2024, année électorale (XI) – Island City State

Par Thierry Chateau

Les années 20 marqueront la fin d’une époque et le début d’une nouvelle ère, pour la clé de la Mer des Indes, perle de l’Océan Indien, celle de l’île-ville. C’est l’appel de la modernité qui souffle comme une brise de mer transportant les effluves enchanteurs de cités bâties par des civilisations enfouies. Pourquoi ne pas y répondre ?

C’est une option et nous avons toutes les raisons de la prendre parce qu’elle nous ouvre les portes de la nouveauté. Cependant, un choix métaphysique s’impose à nous, avant même que nous ayons à tenir compte de considérations sociales, urbaines ou environnementales. Avec un œil rivé sur le rétroviseur de l’Histoire et l’autre scrutant l’horizon nous devons nous poser la question suivante : que voulons-nous comme avenir ? Pour y répondre tâchons d’être inspirés et lucides.

Depuis les débuts de l’occupation humaine de l’île, les Mauriciens n’ont jamais cessé de couper, de trancher dans le paysage, Comme tous les peuples du monde les Mauriciens ont modelé leur environnement immédiat, en fonction des besoins socio-économiques du moment. Ils ont aménagé des domaines, des jardins, des champs de canne à sucre, enlevant ébéniers et palmiers pour les remplacer par des casuarinas et d’autres espèces exotiques. Des options furent prises, des choix furent faits, suivant un contexte donné. Y en avait-il d’autres, a-t-on eu tort ? Fallait-il abandonner l’île et la rendre aux dodos ? Ce n’est pas ce qui fut fait…

Aujourd’hui, il n’y a pas lieu de regretter quoi que ce soit mais, bien au contraire, de donner à l’œuvre humaine toute sa dimension en gommant les erreurs et en rajoutant au tableau les détails qui en feront un chef d’œuvre. Inutile de faire un dessin. Nous avons l’île que nous méritons, elle s’étale tous les jours devant nos yeux. Les visiteurs qui nous arrivent chaque jour par milliers pour toucher du gros orteil le sable blond du paradis ne cessent de nous le répéter : on est bien au paradis !
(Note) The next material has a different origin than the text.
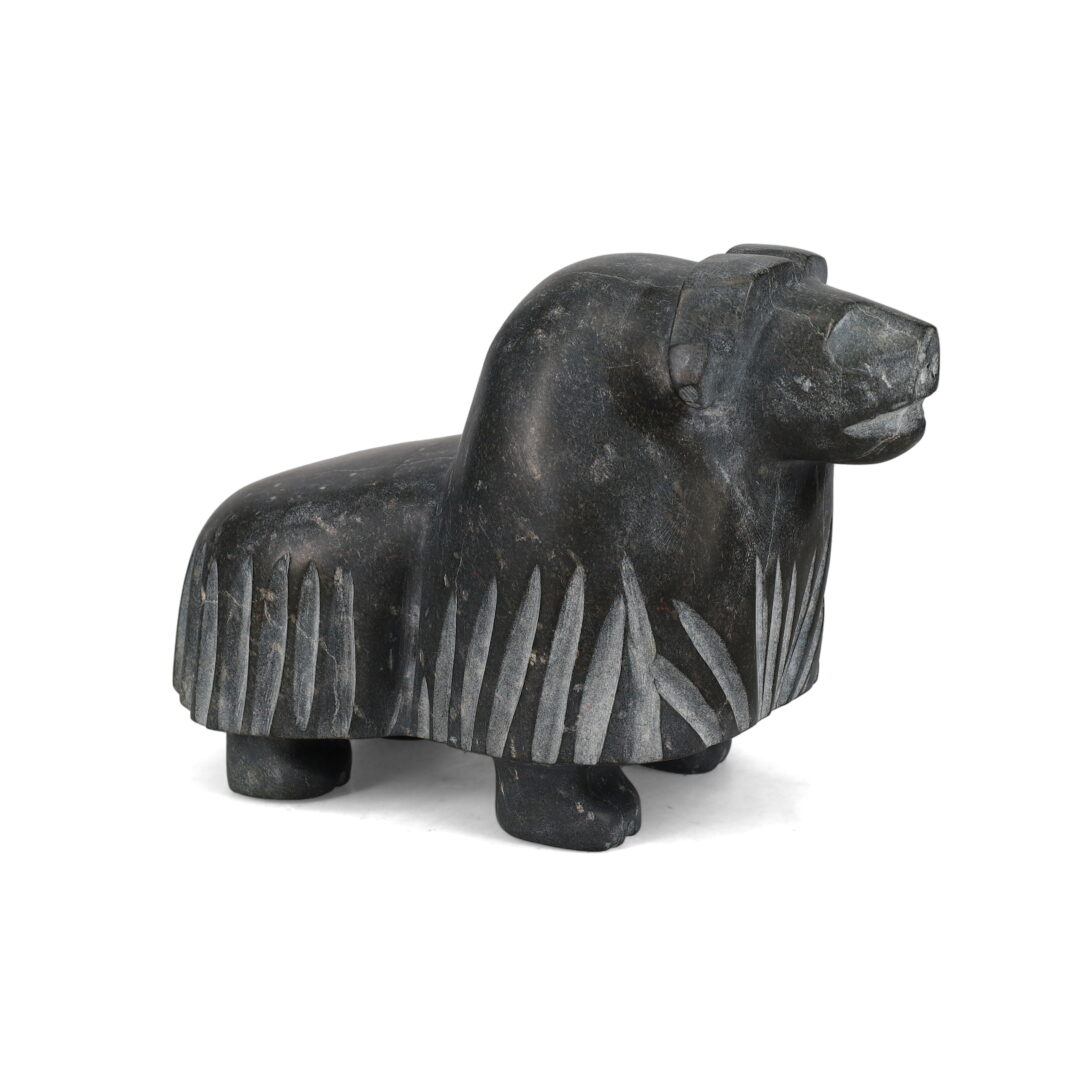 One original hand-carved sculpture by Inuit artist, Kupapik Ningeocheak. One musk-ox carved out of basalt.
Or, nous Mauriciens, ne rêvons que de ce que nous n’avons pas chez nous, du moins pas encore. Nos regards sont perdus ailleurs… Allez, avouons-le, pour nous le paradis n’aurait-il pas plutôt un air de Champs Elysées, avec des allures de Piccadilly Circus et un rythme de Times Square ? Avec le soleil qui se couche dans un souffle de petite brise tropicale ? Le rêve…

Sur le front de mer de Port-Louis, le rêve de l’Ile Ville s’est matérialisé. Le 21e siècle y était déjà en embuscade, déguisé en 20e siècle, bel exemple de ce que l’on peut faire de neuf et de brillant dans un vieil espace usé qui n’avait plus rien à voir avec les images qui enchantèrent Charles Baudelaire. Le beau s’est installé dans un espace entièrement reconstruit. J’ai une envie folle et pressante de voir ce rêve s’accorder en genre et en nombre, se prolonger tout au long de l’autoroute M1 avec, sur son parcours, des espaces de vie qui s’égrènent comme un chapelet et se matérialisent en une arabesque, serpentant d’un bout à l’autre de l’île.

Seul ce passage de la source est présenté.